Purtroppo no, nel senso che abbiamo avuto sempre difficoltà, soprattutto con le agenzie regolatorie. Faccio un esempio: i primi risultati sulla cancerogenicità del benzene sono del 1979 e il divieto totale è scattato solo nel 2016 quando è stato riconosciuto multipotente. Stessi tempi lunghi per la formaldeide: dimostrammo la tossicità nel 1989 e la messa al bando definitiva arrivò nel 2020. Sul glifosato possiamo dire che ci sono interessi più radicati però per la ricerca è sempre più complicato farsi ascoltare dalle autorità pubbliche.
A tal proposito l’Europa ha fatto marcia indietro sul taglio dei pesticidi. Nel frattempo la contaminazione ambientale sta creando condizioni di vita a rischio come dimostrano anche i primi dati dello studio Sprint al quale il Ramazzini partecipa.
Lo studio è ancora in corso, partecipano 28 laboratori europei ed è finanziato dal programma di ricerca Horizon 2020 della Ue. Sono coinvolti 15 paesi europei e l’Argentina. Il team Sprint ha analizzato 189 composti diversi in più di 600 campioni ambientali provenienti da aziende agricole biologiche e convenzionali. Le matrici campionate comprendevano suolo, acqua, sedimenti, colture, aria e polvere delle case degli agricoltori. I primi dati rivelano che l’86% dei campioni esaminati contiene residui di pesticidi e il 76% miscele di pesticidi. I risultati relativi alla polvere in ambienti domestici sono particolarmente sorprendenti. L’analisi completa, che ha valutato la presenza di 198 residui di pesticidi, ha evidenziato che, indipendentemente dalle pratiche agricole della famiglia, in tutti i 128 campioni di polvere erano presenti miscele di residui di pesticidi.
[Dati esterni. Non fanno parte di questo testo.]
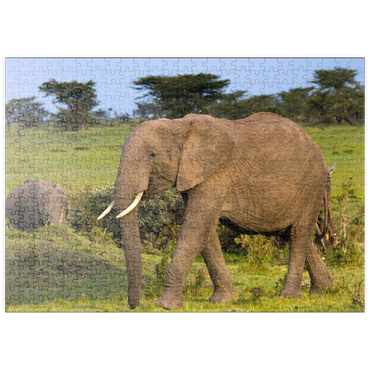 Darstellung des Puzzle Motivs puzzleplate Masai Mara, Kenia, Elefanten 500 Puzzle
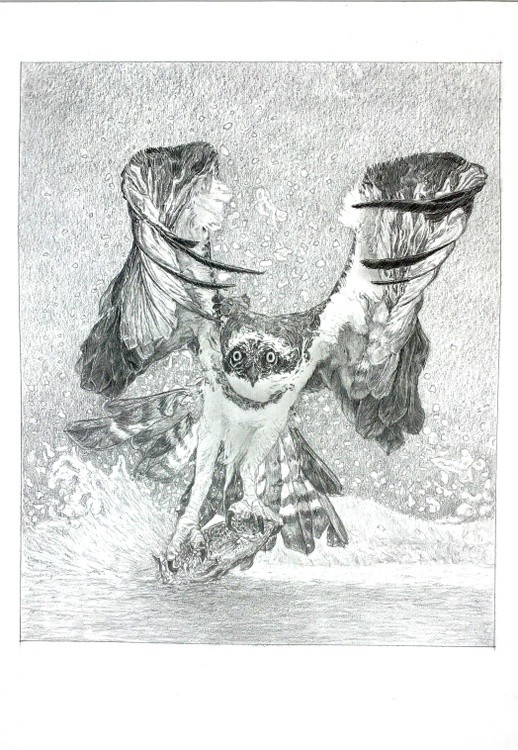 Osprey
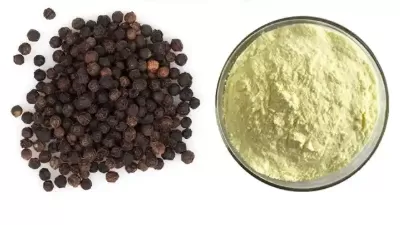Piperine (Black Pepper Extract) Ultimate Guide: Benefits, Applications, and Sourcing from a Trusted 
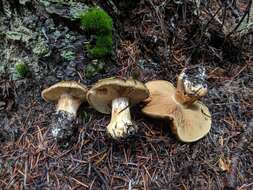 Image of Cortinarius luteicolor Ammirati, Bojantchev, Niskanen & Liimat. 2014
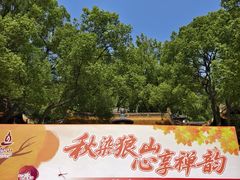 -狼山风景名胜区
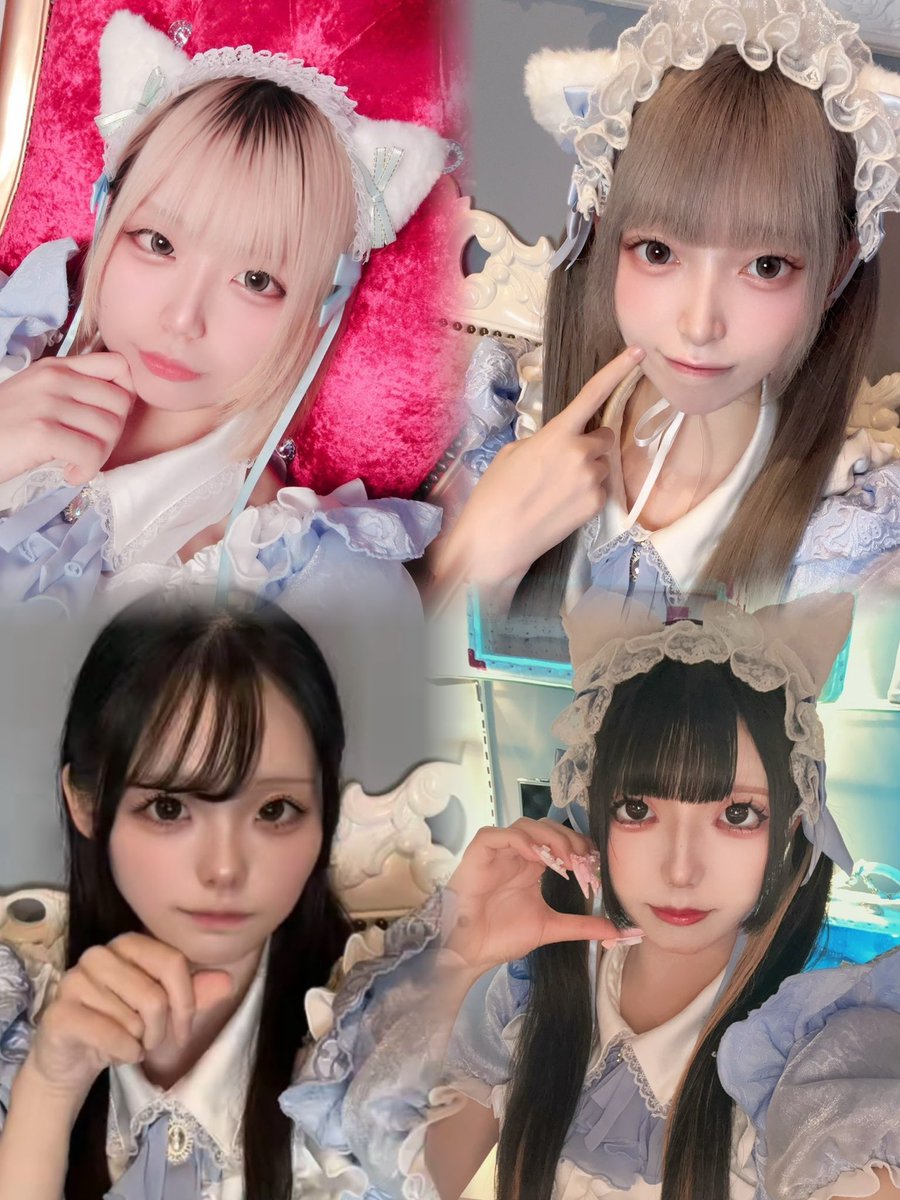 minettecafe's tweet photo. 今日のにゃんこ達🐾

23日
しか      @shika_minette 
ねお      @nneoz_z 
おと      @oto_minette 
くいな  @lxinq_c 

お待ちしております🐈

#富山コンカフェ #コンカフェ #コンカフェ嬢 https://t.co/UIM5X3qgfI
Siamo tutti esposti, insomma. Come si inverte questa tendenza?
I decisori politici devono prestare più attenzione a queste problematiche. Devo constatare però che nell’Unione europea la sensibilità sulla contaminazione da composti tossici è andata via via scemando. Lo abbiamo visto con la decisione di riautorizzare per altri 10 anni l’utilizzo del glifosato. Mi auguro invece che quando il nostro studio sarà completo possa essere valutato con obiettività dalla Ue e che possa contribuire a rivedere la licenza di 10 anni concessi al glifosato.